The same was true at the dermatologist. Instead of reassuring me that, as a sprightly 39-year-old, he didn’t know what I was talking about, he reached over and grabbed one of the bags. He gave it a good tug (I’d have handled my old supermarket shoppers with more care) and informed me that the only option available to me was surgery. ‘Nothing else is going to shift those.’

As I made my way out, bruised physically and emotionally, I found myself being guided me into a small room where the hospital manager presides over her glamorous department. Not realising it, I was walking into round 2 of this eye-bag-bashing.  There was nothing ‘baggy’ about the hospital manager, though, apart from her exquisite clutch. She could have just stepped off the pages of Vogue. I wanted to know her secrets. For a moment, I wanted to be her.

She didn’t seem to need to hear from me- perhaps the bags were doing all the talking. She got out a calculator and scrutinised my face, all the time bashing in very long numbers with her gel nails. She quoted me for the bags and then almost doubled the price- ‘That’s how much it will be for us to sort out your droopy eyelids as well.’

I wrote down the figures as though they contained the secrets of the universe, barely noticing that I still had my 3-year-old with me. He was spraying Capri sun over the pristine office but I couldn’t focus on anything other than myself, my bags and my need to acquire £6000.

On the journey home, I decided I couldn’t wait for my husband to come into into ask the question: ‘Can I have eye surgery for my fortieth?’ Instead, I rang him at work. He was probably doing something very important but I didn’t care and I didn’t ask. I was cross when I got the response I knew I would get. My face was ageing but my behaviour was regressing. If only I could switch these two processes over.  The answer remained the same when my husband came home that night. And I think it’s likely to stay that way.

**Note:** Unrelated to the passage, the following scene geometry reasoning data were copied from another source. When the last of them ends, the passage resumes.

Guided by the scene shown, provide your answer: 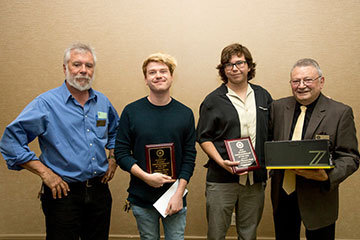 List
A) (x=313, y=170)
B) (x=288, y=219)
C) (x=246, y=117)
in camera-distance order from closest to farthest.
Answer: (x=313, y=170) → (x=288, y=219) → (x=246, y=117)

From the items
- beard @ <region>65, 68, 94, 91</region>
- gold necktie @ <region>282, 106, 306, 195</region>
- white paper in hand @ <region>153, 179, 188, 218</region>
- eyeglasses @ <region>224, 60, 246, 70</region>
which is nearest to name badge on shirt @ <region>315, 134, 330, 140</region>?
gold necktie @ <region>282, 106, 306, 195</region>

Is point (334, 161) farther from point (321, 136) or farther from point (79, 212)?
point (79, 212)

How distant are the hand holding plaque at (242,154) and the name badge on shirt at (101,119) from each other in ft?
2.86

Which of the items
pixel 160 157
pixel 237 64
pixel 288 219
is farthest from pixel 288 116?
pixel 160 157

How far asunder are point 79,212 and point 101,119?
0.63 metres

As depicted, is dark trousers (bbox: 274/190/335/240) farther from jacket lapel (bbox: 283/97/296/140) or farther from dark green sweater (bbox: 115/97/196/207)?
dark green sweater (bbox: 115/97/196/207)

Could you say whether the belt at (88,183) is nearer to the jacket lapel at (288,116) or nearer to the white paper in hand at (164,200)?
the white paper in hand at (164,200)

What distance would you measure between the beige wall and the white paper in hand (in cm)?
124

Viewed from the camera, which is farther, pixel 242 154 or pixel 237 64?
pixel 237 64

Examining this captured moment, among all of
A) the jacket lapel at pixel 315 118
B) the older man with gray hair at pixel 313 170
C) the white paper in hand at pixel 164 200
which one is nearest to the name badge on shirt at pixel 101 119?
the white paper in hand at pixel 164 200

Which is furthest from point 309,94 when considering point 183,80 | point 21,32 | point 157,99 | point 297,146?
point 21,32

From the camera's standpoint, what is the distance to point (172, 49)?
2969mm

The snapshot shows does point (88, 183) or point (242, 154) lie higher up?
point (242, 154)

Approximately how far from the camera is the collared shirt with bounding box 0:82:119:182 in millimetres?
1687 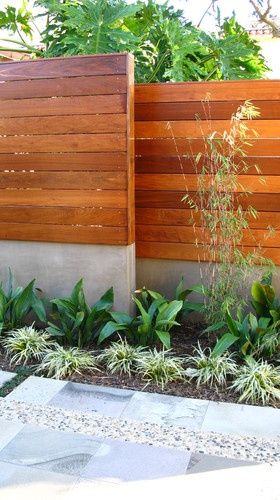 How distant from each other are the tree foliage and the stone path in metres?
2.66

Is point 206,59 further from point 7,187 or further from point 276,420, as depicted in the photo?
point 276,420

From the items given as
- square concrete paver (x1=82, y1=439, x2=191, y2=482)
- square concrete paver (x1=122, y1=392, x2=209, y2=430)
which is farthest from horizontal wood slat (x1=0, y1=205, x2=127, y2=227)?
square concrete paver (x1=82, y1=439, x2=191, y2=482)

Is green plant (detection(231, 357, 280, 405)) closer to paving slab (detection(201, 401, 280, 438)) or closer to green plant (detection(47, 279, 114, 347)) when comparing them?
paving slab (detection(201, 401, 280, 438))

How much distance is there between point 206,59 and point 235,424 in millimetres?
3455

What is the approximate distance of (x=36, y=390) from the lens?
9.28 feet

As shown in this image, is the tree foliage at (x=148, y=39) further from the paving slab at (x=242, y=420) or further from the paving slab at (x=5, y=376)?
the paving slab at (x=242, y=420)

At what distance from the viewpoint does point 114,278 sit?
3.64 metres

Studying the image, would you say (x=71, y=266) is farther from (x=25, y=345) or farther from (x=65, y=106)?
(x=65, y=106)

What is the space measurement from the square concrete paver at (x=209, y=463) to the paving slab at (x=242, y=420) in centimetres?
24

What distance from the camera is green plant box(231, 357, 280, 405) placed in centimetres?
269

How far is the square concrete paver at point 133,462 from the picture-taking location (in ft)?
6.56

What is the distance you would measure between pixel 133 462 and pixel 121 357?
1.06 m

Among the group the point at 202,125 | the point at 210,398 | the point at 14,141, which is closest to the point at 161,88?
the point at 202,125

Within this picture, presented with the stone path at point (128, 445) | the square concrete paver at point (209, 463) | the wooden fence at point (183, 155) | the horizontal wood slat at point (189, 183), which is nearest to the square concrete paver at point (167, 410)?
the stone path at point (128, 445) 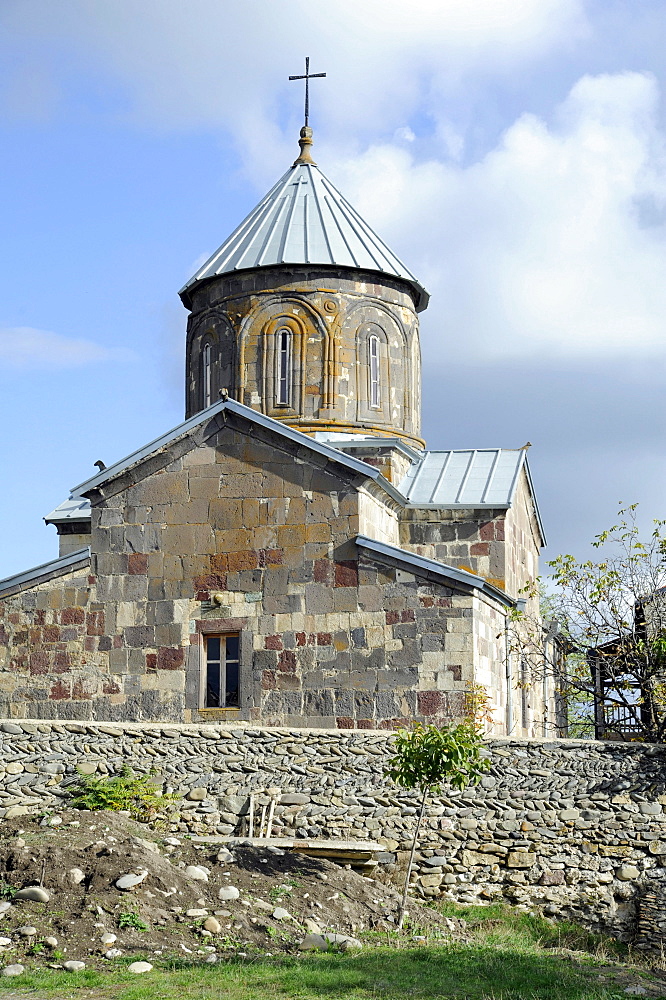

So where does that leave those of struggling to accept some unwanted aspect of ourselves? If I had £6000, would surgery offer me any meaningful answers? Without getting into the right and wrongs of cosmetic surgery, and the evils of advertising designed to prey on a woman’s insecurities, there’s clearly a deeper issue to discuss.

Where, exactly, are we deriving our value? Do we see the significance of our lives in our looks, our youth, our intellect, our belongings, clothes, shoes, our children, our careers, the number of FB likes we got that day? Maybe we see our value in more noble pursuits- in ‘gold-chained addictions’, as I once heard William P Young, author of ‘The Shack’, describe them here.  By that, he meant things we do to create significance, or to please God, or to please someone else.  Maybe writing a blog has the potential to be one…

When I’m not being tempted away from my core beliefs by beautiful hospital managers assessing my value with their calculators, I believe our true value lies in the fact we are loved.  We are loved unconditionally, warts and all.  We are not valuable because we look a certain way or because we’ve had a good annual appraisal or because we’ve managed to make cupcakes with the swirly icing for the nursery party instead of lobbing a shop-bought one in the weekly groceries.  To pinch a line from Bridget Jones’ Mr Darcy, you are valuable ‘just as you are.’

A song by Chris Tomlin attempts to answer the question of who God is.  We’re told he is a ‘Good, good father, that’s who he is.’  It also offers a suggestion about our identity: ‘And I’m loved by him, that’s who I am.’  Our identity is to be found in the simple fact we are loved: we are loved by a good, good father, a father who takes great delight in us, eye bags and all…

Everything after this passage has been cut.